═════ Records shown

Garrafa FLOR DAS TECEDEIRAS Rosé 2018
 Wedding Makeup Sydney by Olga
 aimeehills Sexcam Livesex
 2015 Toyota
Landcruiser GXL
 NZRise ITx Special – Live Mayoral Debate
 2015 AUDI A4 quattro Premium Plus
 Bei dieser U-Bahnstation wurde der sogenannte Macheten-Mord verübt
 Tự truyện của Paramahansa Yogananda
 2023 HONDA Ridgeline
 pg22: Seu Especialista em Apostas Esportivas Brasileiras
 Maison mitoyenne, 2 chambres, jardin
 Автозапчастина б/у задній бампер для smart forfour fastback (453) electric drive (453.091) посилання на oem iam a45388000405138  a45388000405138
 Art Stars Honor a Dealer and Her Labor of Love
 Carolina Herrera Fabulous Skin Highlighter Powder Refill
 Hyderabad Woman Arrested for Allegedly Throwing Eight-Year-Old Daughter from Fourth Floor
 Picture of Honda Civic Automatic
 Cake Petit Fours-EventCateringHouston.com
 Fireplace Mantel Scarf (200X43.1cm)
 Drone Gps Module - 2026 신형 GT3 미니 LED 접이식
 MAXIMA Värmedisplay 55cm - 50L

══════════

Write out exactly the lines that begin at the one containing "Cake Petit Fours-EventCateringHouston.com" and continue through the last line of the data, and only those.

__The completed task__.
 Cake Petit Fours-EventCateringHouston.com
 Fireplace Mantel Scarf (200X43.1cm)
 Drone Gps Module - 2026 신형 GT3 미니 LED 접이식
 MAXIMA Värmedisplay 55cm - 50L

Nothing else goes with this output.